There can be few more pervasive and life-changing decisions in recent years than the choice of fiscal austerity. Hardly any government has been allowed to continue borrowing and spending: millions have been laid off, countless contractors have gone to the wall, and we have all endured the chill of recession.
Even now public debt and further cuts to public spending are a major issue in the UK’s General Election campaign prior to voting on 7 May 2015, and the future of the Greek economy is a limiting factor in the economy of the whole of Europe.
Although not the sole evidence driving these swingeing cuts, one of the most influential pieces of research that has kept politicians to their painful course is that of Reinhart and Rogoff (2010).
Analysing national economic data, they concluded that countries with public debt over 90% of their GDP showed significantly lower growth rates. The last time the UK was in that danger zone was 1965, and from 1987 onwards, with the tough policies of Thatcherism, we had kept close to the idyllic zone of 30% associated with highest growth outcomes.
However from 2008 our debt climbed alarmingly, reaching 60% of GDP in 2011: without a stiff dose of austerity we could have rapidly passed into danger.
In April 2013, Herndon, Ash and Pollin here re-analysed Reinhart and Rogoff’s study, identifying a basic error in the Excel spreadsheet used to manipulate the data, unexplained data omissions, and controversial weighting. They concluded that any fall-off in growth rate does not occur until debt reaches 120% of GDP, the crazy realms of the Greek economy, and hardly likely in the UK without sustained government incompetence.
Reinhart and Rogoff have accepted their Excel blunder, but stuck to their other guns, and no doubt the many governments and international institutions that have relied on their papers will prove equally unrepentant.

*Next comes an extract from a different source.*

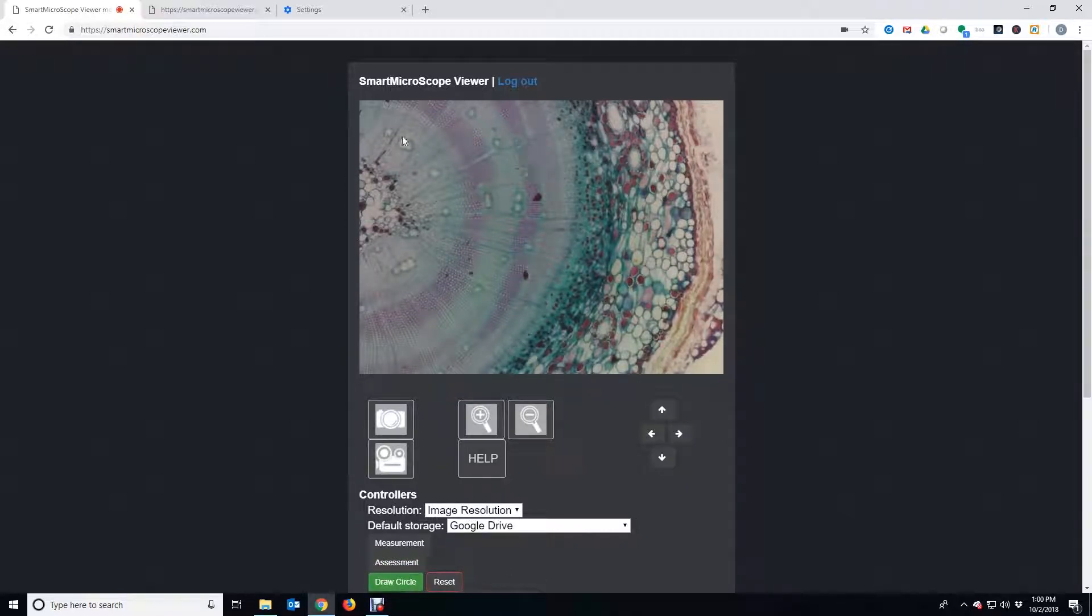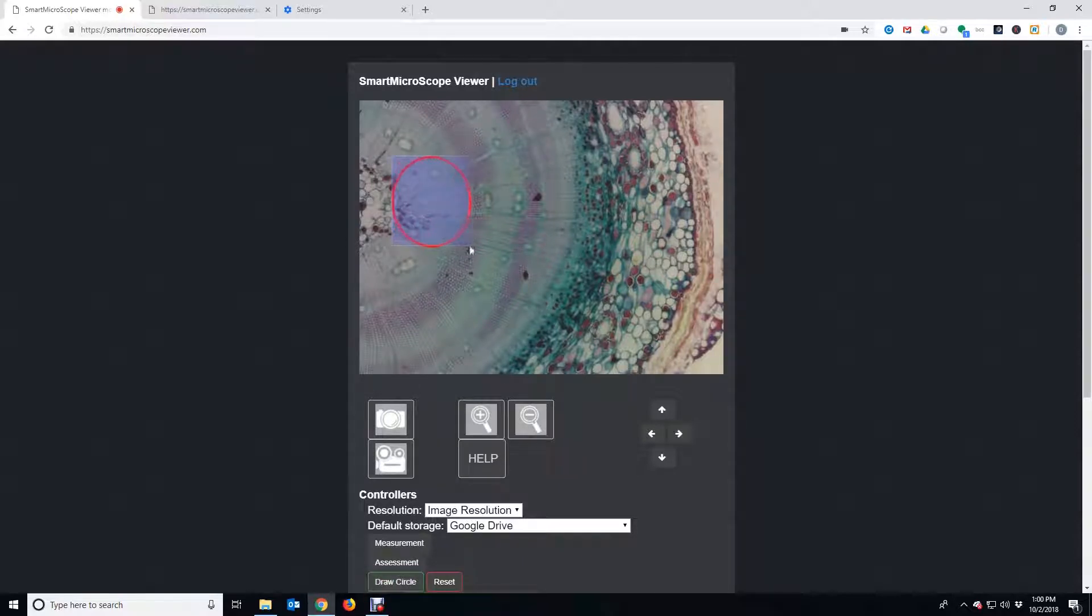Another popular feature is the option to draw a circle to point out specific areas of the image.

It is this sort of issue that worries me about Simon Rogers, founder of the Guardian Datablog and now Data Editor at Google, and ‘data journalism’. His book Facts are Sacred holds that fascination inherent in numeric compilations like Wisden, but appears riven by the naïvety found in those who have worked little with real experimental or observational data.
To equate measured or reported data, or implict relationships within data, with facts reveals a dangerous overconfidence. In 40 years of measuring simple and abstruse variables, I have learned humility in my own data, and suspicion in those of others.

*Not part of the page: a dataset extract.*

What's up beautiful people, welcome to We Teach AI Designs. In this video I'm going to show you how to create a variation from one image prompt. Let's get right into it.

First you must know and allow for the error in measurement itself; in the case of economic indicators, drilling down to discover how the figures are generated makes you realise that many are little more than educated guesses, often compiled by governments, organisations, and companies with vested interests in what the data purportedly show.

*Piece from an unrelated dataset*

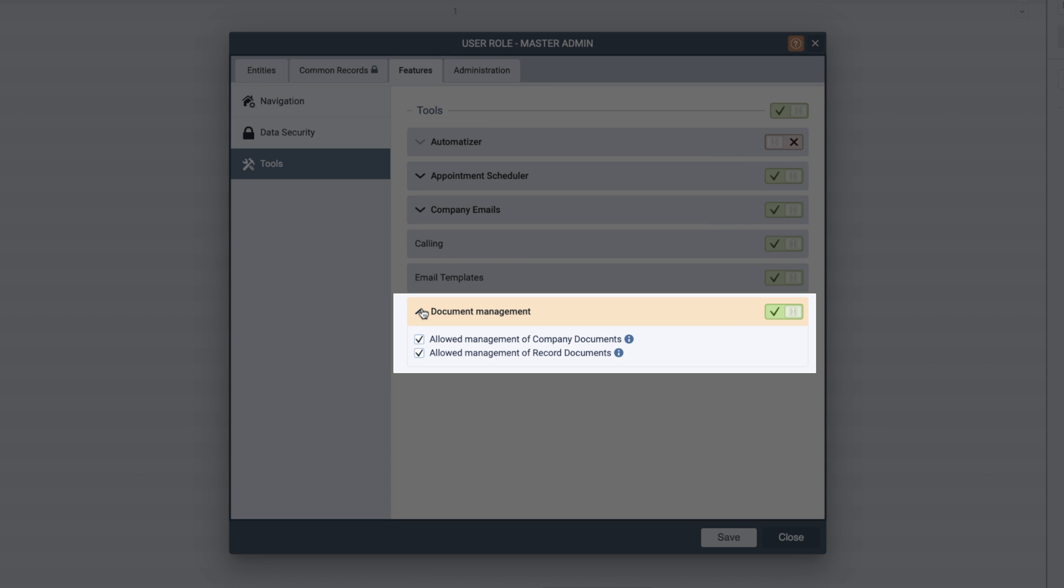The other option is allowing management of record documents. Enabling this will allow users to create and edit record document folders.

Furthermore you need to know not just the single best estimator (usually a mean or median) of each data point, but the spread about each point resulting from error and variance. Simon Rogers’ data ‘facts’ seem worryingly free of spread or confidence intervals, but enticingly crisp.
Even when armed with reliable data, it is so simple to draw misleading conclusions. When I was first learning serious statistics, I observed an exceptionally strong relationship between the number of colour TVs in the UK and the suicide rate. It would have been to easy to assume that relationship was causal, in the same way that others have assumed that very high debt ratios cause low growth rates.
Aside from this now infamous Excel error, looking at the scatter of data in Herndon, Ash & Pollin’s analysis there are clearly many economies which have enjoyed high growth rates at times that they have also had very high debt ratios.
In reality, any association seems too weak to bank your economy on. And are we confident that economists who fail to spot their computational cock-ups are a steady hand guiding the tiller of international fiscal policy?